Psychanalyse du terrorisme

Gérard Haddad voit dans le « complexe de Caïn » l’un des ressorts du crime aveugle.

Denis Sieffert  • 15 février 2017 abonné·es
Psychanalyse du terrorisme

L’acte terroriste aveugle trouve-t-il son explication dans le « complexe de Caïn »? C’est l’hypothèse que propose le psychanalyste Gérard Haddad comme point de départ de son nouvel essai. À vrai dire, on est assez déconcerté quand l’auteur évoque le cas des frères Kouachi, ou de Merah, ou d’Abdeslam. Où est le fratricide dans ces fratries complices du même crime ? On suit cependant l’auteur dans un voyage littéraire d’une réjouissante érudition, qui dresse une sorte d’inventaire du fratricide depuis l’Antigone de Sophocle jusqu’à Britannicus, en passant par Hamlet, Richard III et Roméo et Juliette. Haddad nous rappelle aussi ces fratricides, accomplis ou rêvés, qui « abondent » dans l’Ancien Testament. Il convoque quelques mythes, comme celui de Romulus assassin de son jumeau Rémus, fondateur avec lui de Rome. En fait, après un départ qui ressemble à une fausse piste, Haddad nous propose une analyse de ce qu’il appelle l’angle mort de la psychanalyse : le fameux « complexe de Caïn ». Chez Sophocle, observe Haddad, Freud a préféré Œdipe-roi à Antigone, autrement dit le meurtre du parent de même sexe. Il aurait omis ce que Lacan a appelé la « frérocité ».

Pour Haddad, le fratricide originel, celui que commet Caïn, témoigne pourtant de la question fondamentale de l’héritage du père et « de son phallus […], qui confère avant tout la puissance ». Voir la rivalité de Jacob et d’Ésaü pour obtenir le droit d’aînesse. « Le complexe de Caïn, tel est le mal universel », nous dit l’auteur.
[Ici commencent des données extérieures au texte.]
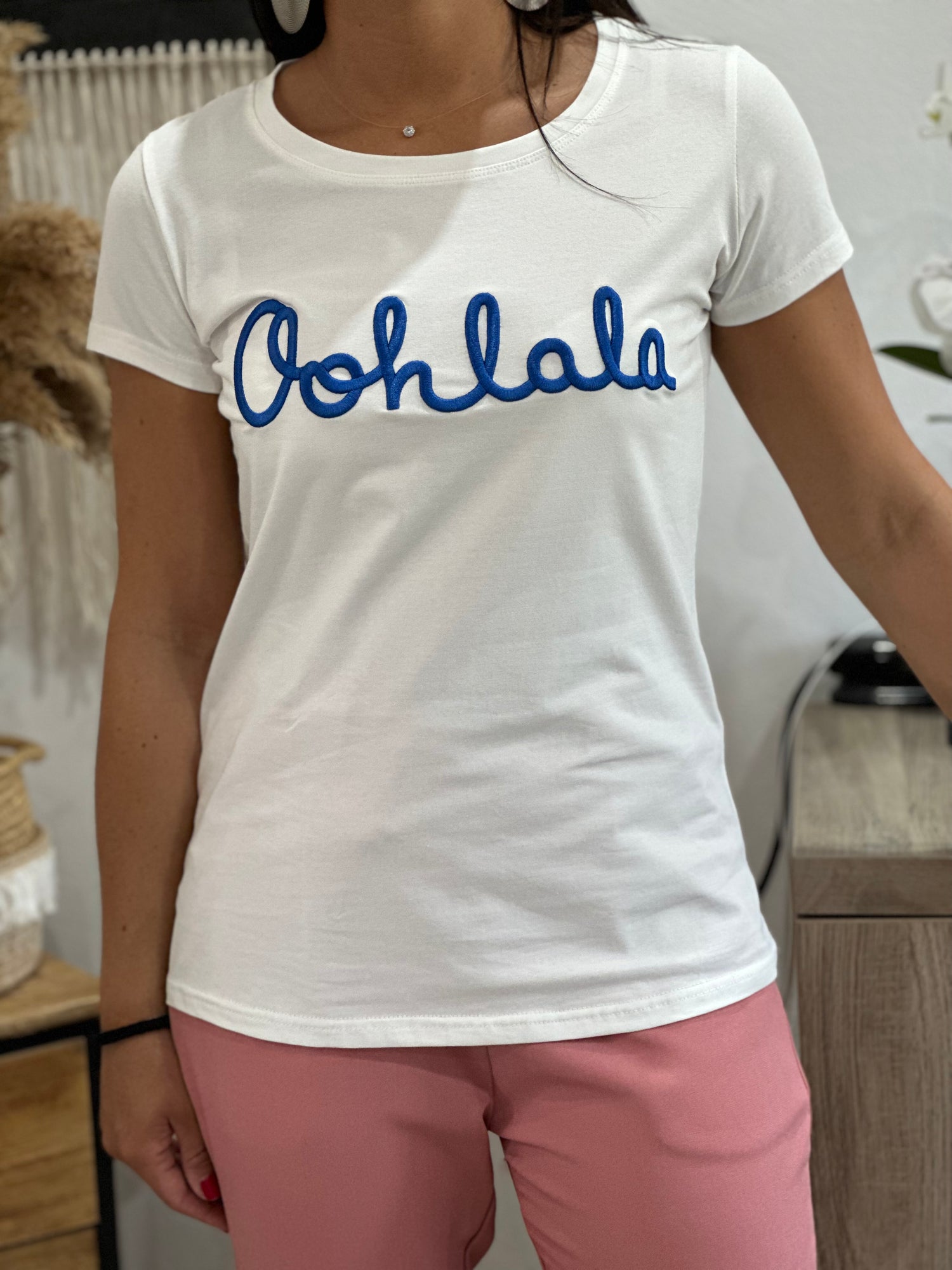 Teeshirt ohlala blanc et bleu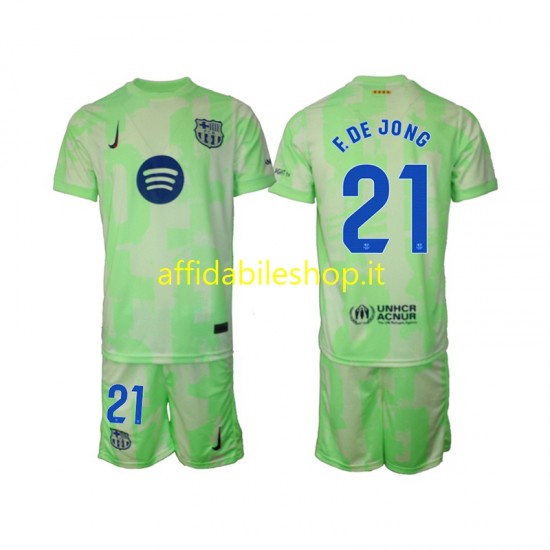 Maglia FC Barcelona F DE JONG 21 2024-2025 Bambino 3-13 anni Manica Corta, Gara Terza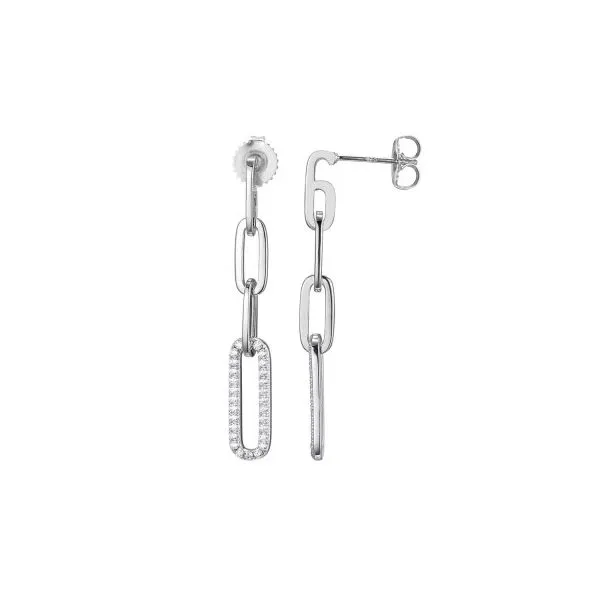 Sterling Silver Paperclip Chain and CZ Link Earrings Orin Jewelers Northville, MI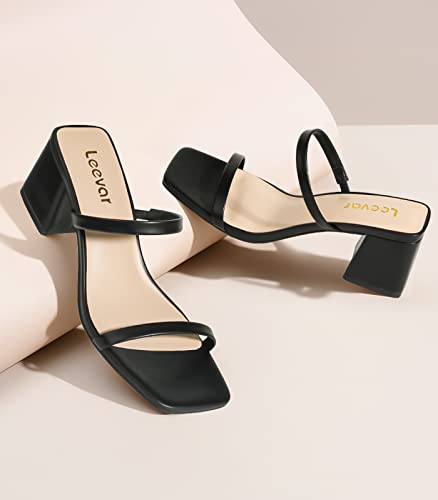 Leevar Square Toe Heeled Sandals for Women,Women's Low Block Heels Sandals,2.25IN Open Toe Ankle Strap Chunky Heels, Black Pu, 4 UK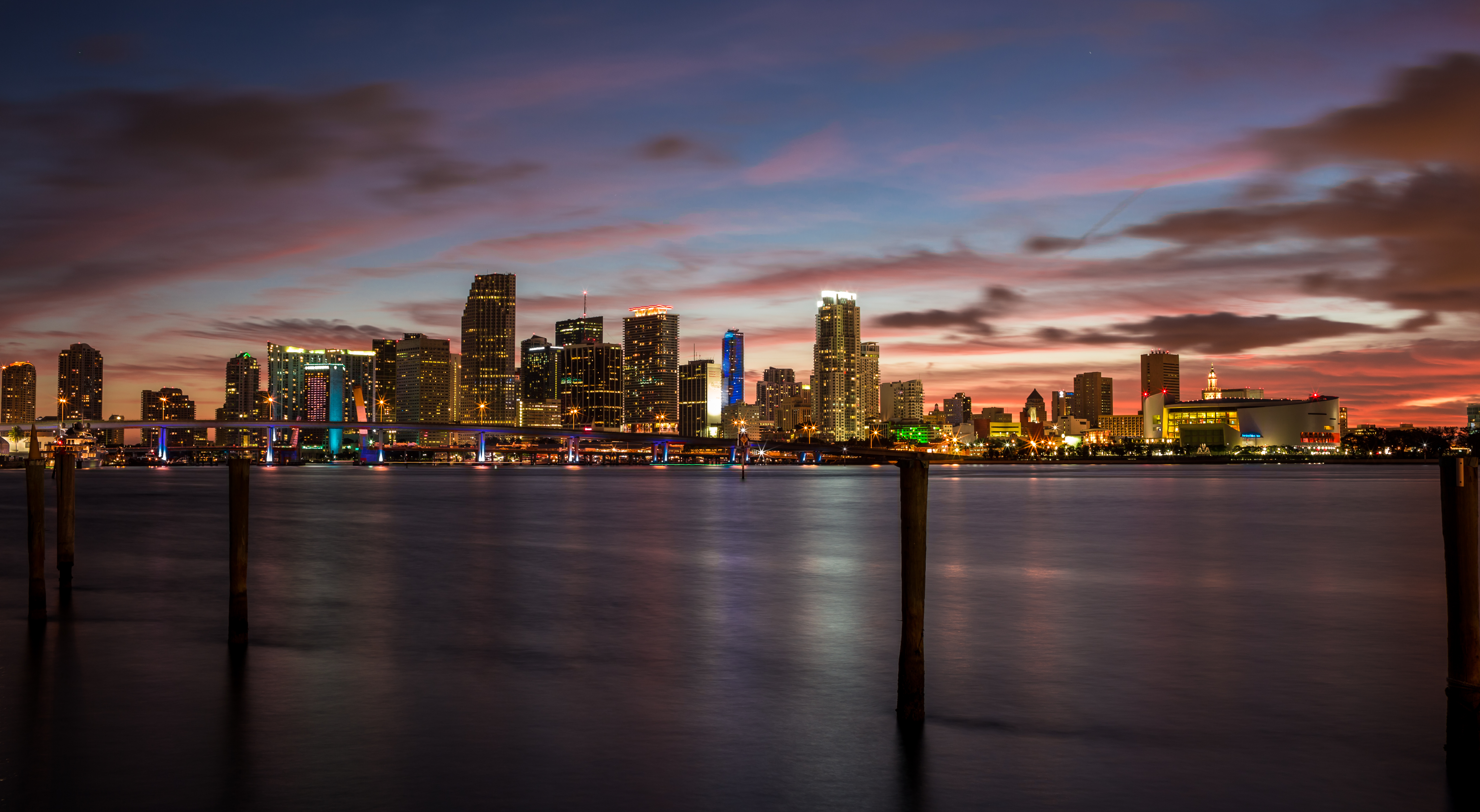Miami Cityscape at Dusk with Water and Bridge HD Wallpaper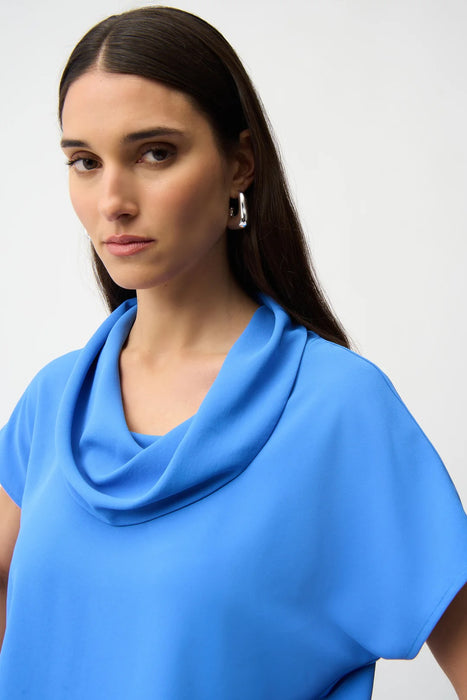 Joseph Ribkoff Harbor Blue Cowl Neck Short Sleeve Blouson Top 261194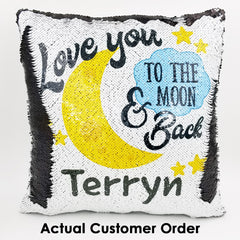 Handmade Personalized To The Moon Reversible Sequin Pillow Case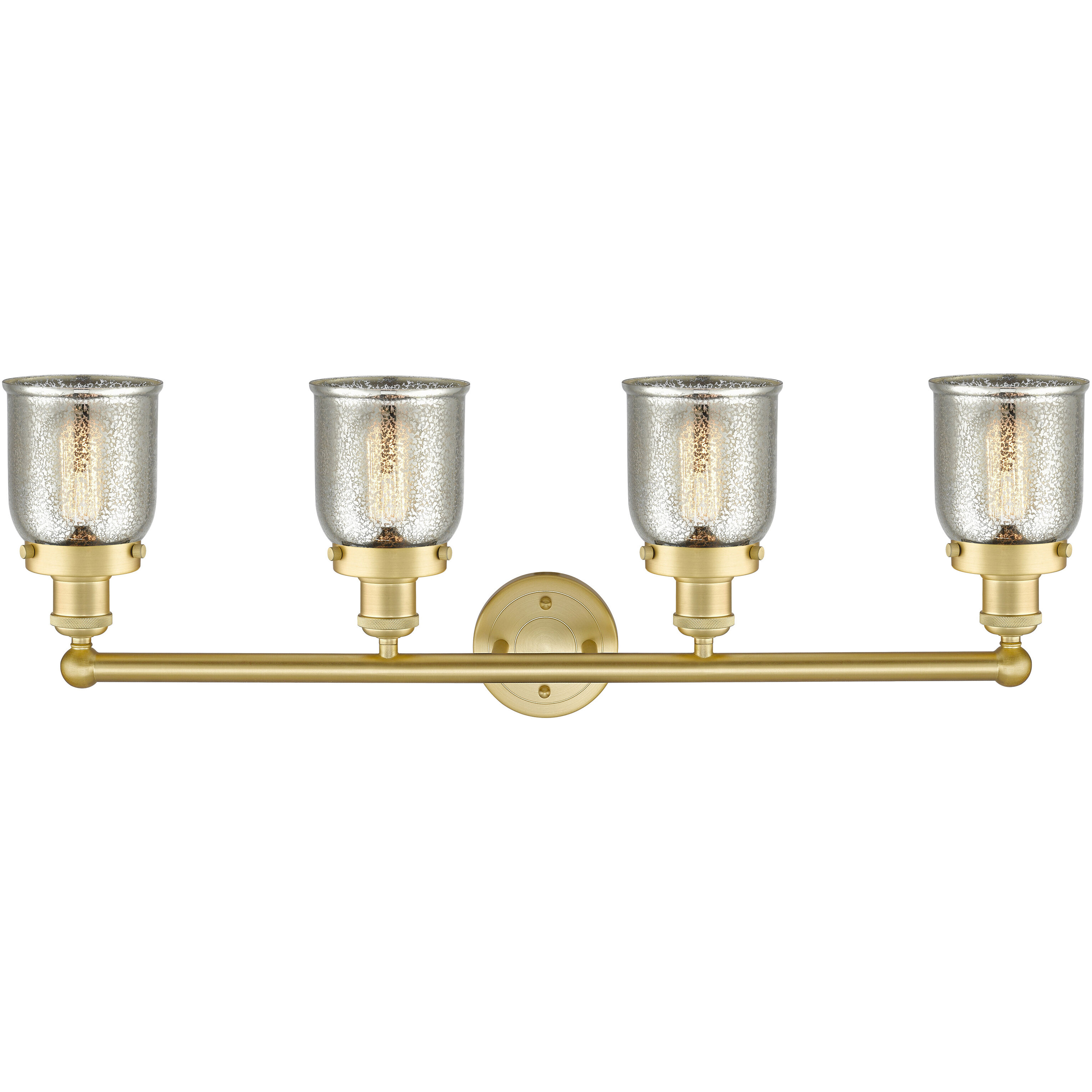 Bell 4 Light 33.5 inch Satin Gold Bath Vanity Light Wall Light in Silver Plated Mercury Glass, Small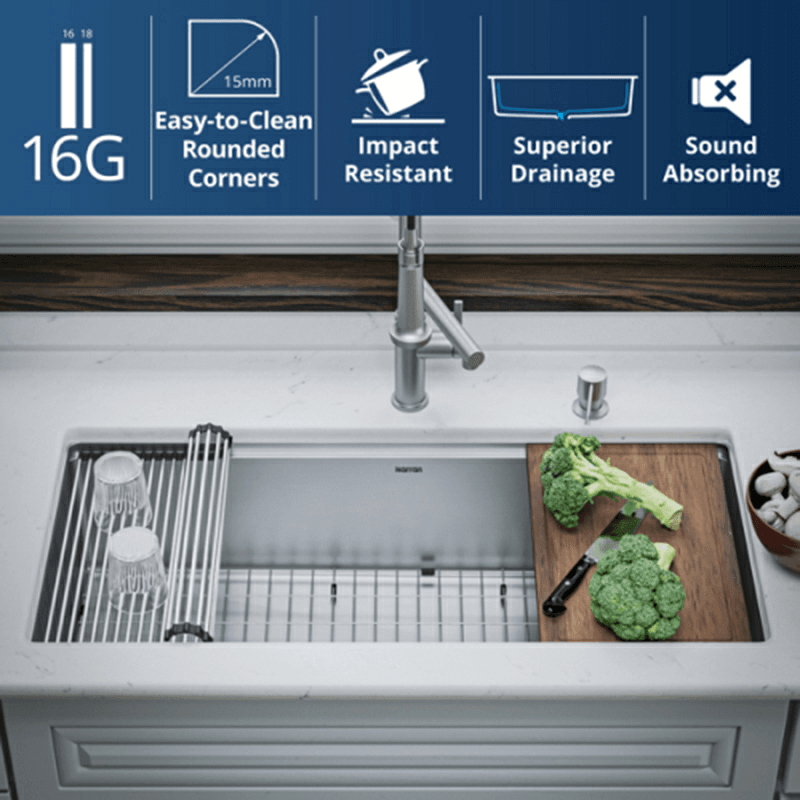 Elite Stainless Steel Undermount Single Bowl Workstation Kitchen Sink Kit, 39" x 18-3/4" x 10" Alt 5 - Image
À ce stade, on se demande comment Haddad va « atterrir ». Comment il va nous ramener à son point de départ : l’explication du terrorisme par le complexe de Caïn. À vrai dire, il n’atterrit pas vraiment. Nous avons eu une passionnante réflexion sur ce qui constitue peut-être l’une des failles de la théorie psychanalytique, mais, sauf à admettre que nous sommes tous « frères », et que tout crime est un fratricide, on cherche en vain les causes du terrorisme. D’autant que celui-ci est le produit de causes multiples, et qu’il est périlleux de vouloir abolir d’un coup la politique, l’économique et, finalement, l’histoire.

Le subtil Gérard Haddad nous emmène tout de même sur une piste moins triviale. Le terrorisme, nous dit-il, ne serait qu’un déplacement de ce complexe de Caïn. « Ne pouvant pas désirer la disparition […] de mon frère ou de ma sœur […], le désir de meurtre devra se déplacer hors du cercle familial, puis, en ondes successives […], hors de mon groupe national, ethnique, idéologique, religieux. » Nous en venons à la haine de l’Autre. Reconnaître que cet Autre, aussi étranger soit-il, est toujours mon frère devrait permettre de combattre le racisme et le crime aveugle qui, nous dit Haddad, est « par essence fratricide ». C’est toujours Abel que l’on assassine.

Le Complexe de Caïn, Gérard Haddad, Premier Parallèle, 115 p., 12 euros.